After being disqualified from the IAAF World Indoor Championship Sopot 2014, it took Lisanne de Witte more than four years to reach her career high in Berlin this summer. Rising to the pressure, De Witte became a European bronze medallist in the 400m, smashing the Dutch record in the process.
“2018 was honestly a great year for me but it didn’t start off as I had planned. I was running 54 seconds over 400m indoors, which was terrible, and then for the start of the outdoor season I opened with 53 seconds. It was frustrating because I knew training was going well and this was such a big year for me.
“However, I then went to the FBK Games in Hengelo and from that moment onwards everything was so much better, I think competing in front of a home crowd helped massively. I ran a 51.8 which honestly was a huge relief because before that moment self-doubt had started to creep in and I was so confused as to why I was running that slow.
“After that point things kept getting better, I ran a Dutch national record a few weeks later of 50.9 and I remember being so proud of myself for dropping from 54 to 50 seconds, it was a huge drop and a big personal best.

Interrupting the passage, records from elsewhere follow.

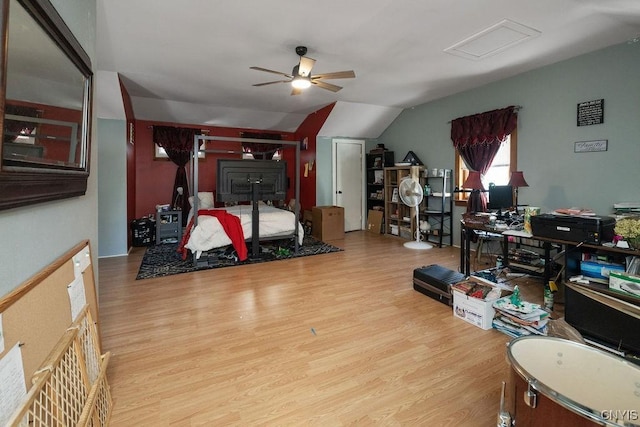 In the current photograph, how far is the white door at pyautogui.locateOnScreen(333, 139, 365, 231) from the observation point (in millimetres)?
6486

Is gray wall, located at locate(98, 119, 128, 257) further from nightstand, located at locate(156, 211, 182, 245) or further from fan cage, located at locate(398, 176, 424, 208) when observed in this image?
fan cage, located at locate(398, 176, 424, 208)

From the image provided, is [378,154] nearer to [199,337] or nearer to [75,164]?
[199,337]

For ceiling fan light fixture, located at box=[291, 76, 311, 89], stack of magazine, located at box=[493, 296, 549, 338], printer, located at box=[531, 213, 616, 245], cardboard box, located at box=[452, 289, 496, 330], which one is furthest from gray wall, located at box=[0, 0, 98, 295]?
printer, located at box=[531, 213, 616, 245]

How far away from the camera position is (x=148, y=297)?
9.71 feet

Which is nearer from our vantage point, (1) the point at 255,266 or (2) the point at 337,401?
(2) the point at 337,401

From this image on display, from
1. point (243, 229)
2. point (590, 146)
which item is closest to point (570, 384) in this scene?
point (590, 146)

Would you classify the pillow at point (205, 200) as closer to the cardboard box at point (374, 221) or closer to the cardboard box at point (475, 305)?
the cardboard box at point (374, 221)

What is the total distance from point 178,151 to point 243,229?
284 centimetres

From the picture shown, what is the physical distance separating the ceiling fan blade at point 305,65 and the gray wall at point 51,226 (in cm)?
173

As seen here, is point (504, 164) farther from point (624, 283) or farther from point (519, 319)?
point (519, 319)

My previous best was 51.7 so as you can imagine I was very pleased with myself. My only doubt was whether I could replicate it but then I ran a 51.0 at the London Diamond League and then truly believed in myself.
“Going into Berlin I was filled with confidence, I came into the championships ranked first which was really new to me. I think in a way the pressure kind of got to me in the semi-finals, I messed them up by coming in third and having to sit in the ‘hot seats’, which is where the fastest losers had to wait. Luckily, I made the final and was given lane two and to be honest I was weirdly pleased with that, I tend to do better in races where I can see the whole field and chase down the other girls. Whilst most people would view being in lane two as a bad thing I was quietly confident.

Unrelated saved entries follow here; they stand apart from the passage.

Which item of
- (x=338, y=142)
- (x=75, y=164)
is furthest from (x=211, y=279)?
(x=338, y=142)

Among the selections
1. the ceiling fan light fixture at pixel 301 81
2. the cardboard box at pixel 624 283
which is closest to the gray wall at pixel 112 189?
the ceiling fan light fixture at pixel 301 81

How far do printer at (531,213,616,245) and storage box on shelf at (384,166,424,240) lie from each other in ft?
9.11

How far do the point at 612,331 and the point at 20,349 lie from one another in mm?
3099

“After the race I had no idea how I’d done, I saw two girls cross the finish line slightly ahead which worried me because of course I wanted to win but I also really wanted a medal. I knew I was in the mix, but it was taking forever to flash up on the screens and I remember looking over to the stands and I saw my sister going crazy. She was crying and screaming so loud, so at that point I knew I’d done it. Having my sister there with me helped so much as she’s an athlete too, we were both so emotional and it was definitely a high point in my career.”

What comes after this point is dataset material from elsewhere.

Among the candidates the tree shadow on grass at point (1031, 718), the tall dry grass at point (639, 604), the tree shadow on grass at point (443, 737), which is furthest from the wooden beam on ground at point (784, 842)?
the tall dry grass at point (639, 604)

“I think my lowest moment came at my first senior championships that I ever went to (the Sopot 2014 World Indoor Championships). I was running pretty good during that indoor season, I was fairly new to indoor running in general and was actually surprised at how well I was doing compared to the rest of the world. For the championships themselves I didn’t really have any expectations, I just wanted to get through the rounds and see how far I’d get.
“I made the semi and it was a mixture of relief and excitement, I never really expected to make it so in a way this isn’t a total low moment. I was so unbelievably happy but then the semi-final was my worst nightmare, I got disqualified. One of the athletes fell and the judges deemed it to be my fault, I wasn’t so sure, I won’t get into it now but it is what it is and I’ve learned from it.
“I remember being so confused, wondering what had happened and afterwards I was heartbroken. It didn’t help that I was so young, when you are that young things can play on your mind more. But looking back I’m glad the experience happened to me back then, so I could learn from it. That was four years ago now though and it took me over four years for me to reach my high point.”